まぁ、これだけの軍勢だ、デストリンドごときに後れを取ることもあるまい。
そう思いながらワシは、総勢3万と説明を受けた討伐軍を眺めた。
「それにしても、素晴らしい軍でございますな。」
「そうだろう?兄上が私の戦功を祈って兵を融通してくださったのだ。あの辺りから、あの辺りまでがそうだぞ。」
どうやら、半分以上が贈られた兵力のようだ。
「なるほど、良き兄を持たれましたな。」
どの兄か知らないが、うまくやったものだ。これだけ比率が多ければ、後で功績を主張出来よう…。
「き、霧だ!」
「毒の霧が来るぞ!」
「霧…?そういえば、新しい勇者が出たと報告がありましたな。」
「ふん、大したことは無い。アーヴィン。」
「ハッ、今すぐ対処いたします。」
しかし、彼らにできることはなかった。
英雄級の速強化によってもはや霧の速さは最高で時速36万km。人間が認識できるものではなかったのだ。

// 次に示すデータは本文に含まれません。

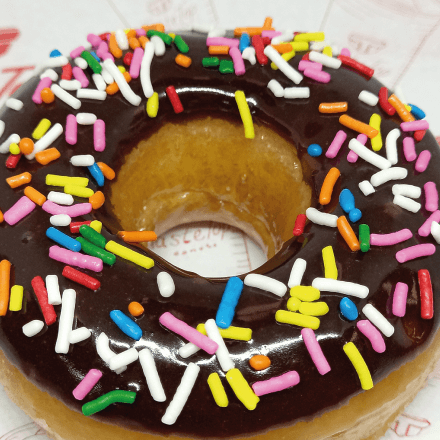 Dona Chocolate con Chispas de Colores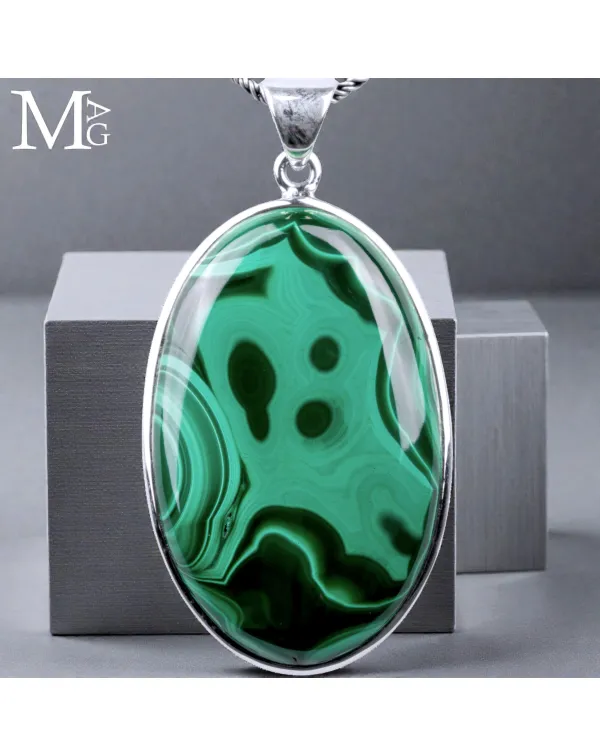 Ciondolo in argento con cabochon di Malachite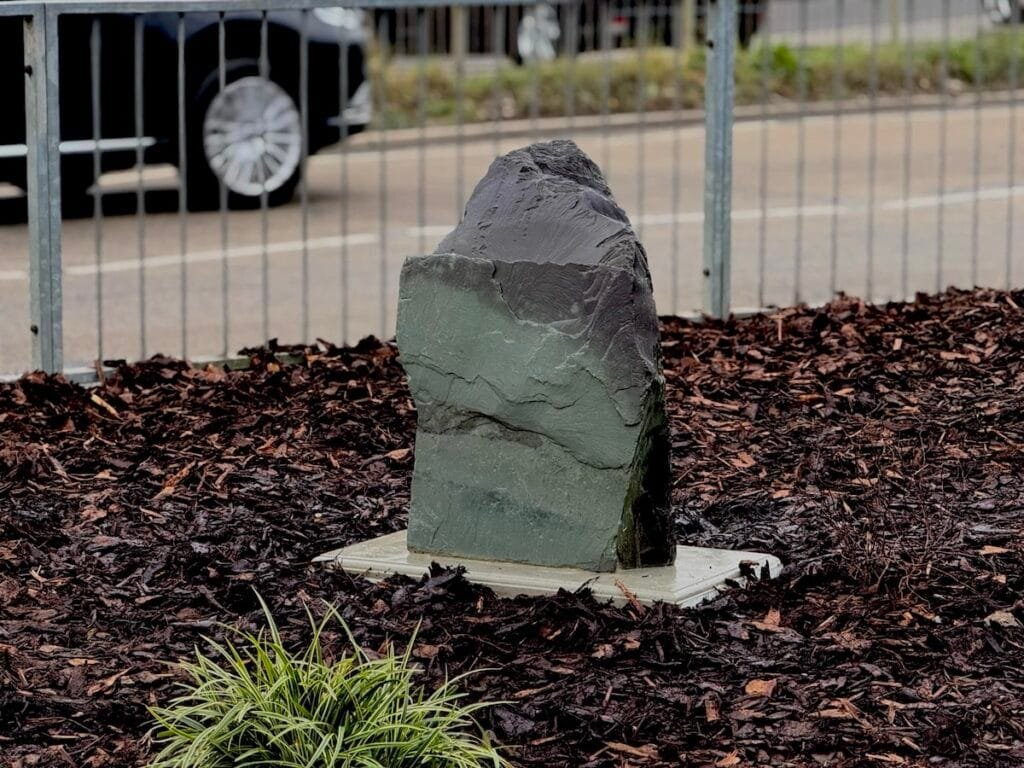 Slate Monolith SM235 Standing Stone Case Study | Welsh Slate Water Features 04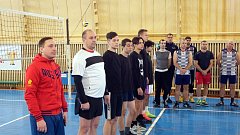 Спортивный турнир по мужскому волейболу начался в Большом Карае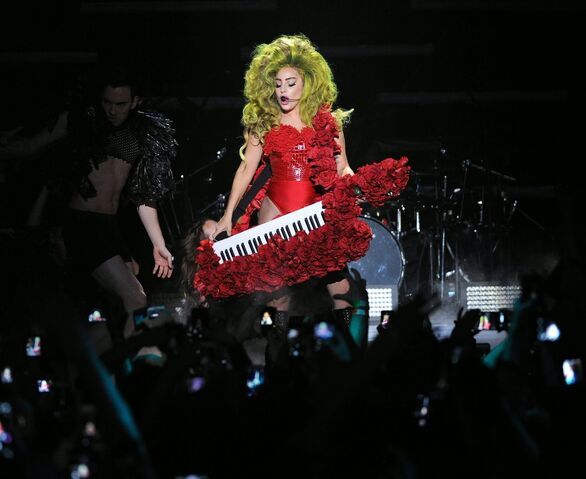 File:3-30-14 Roseland Day 2 Bad Romance 001.jpg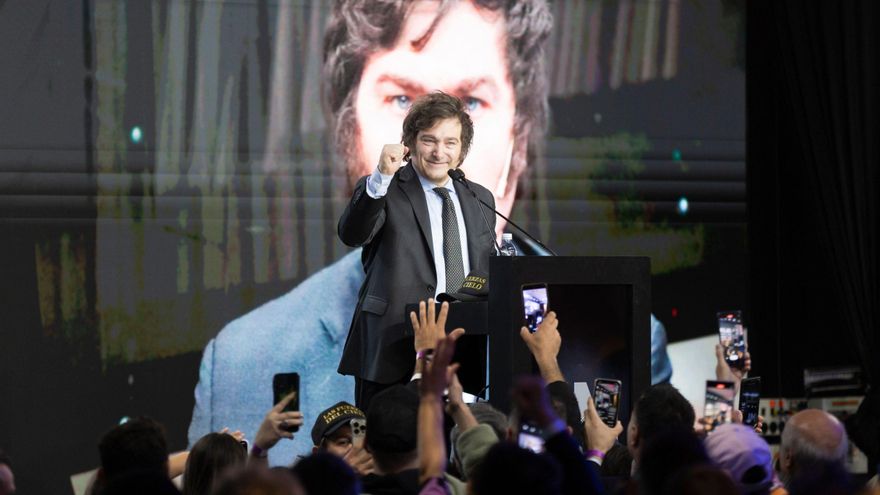 La identidad de un país, puesta a prueba por un “outsider” que agravia la convivencia democrática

気が付けば既に霧に囲まれており、3万の軍勢は3万の石像へと姿を変えた…。
~兵力~
町で戦力となる人を集めてもせいぜいが数千人だ。
町で集める規模としては意外と多いように見えるのは、
町壁の外で暮らすのが難しく、自然と人口密度が高くなる上に、人口の流出も少ないためだ。
さらに、文明度は数多くの勇者のおかげでそこそこ高い。人口が溢れる要素ばかりが詰まっているのである。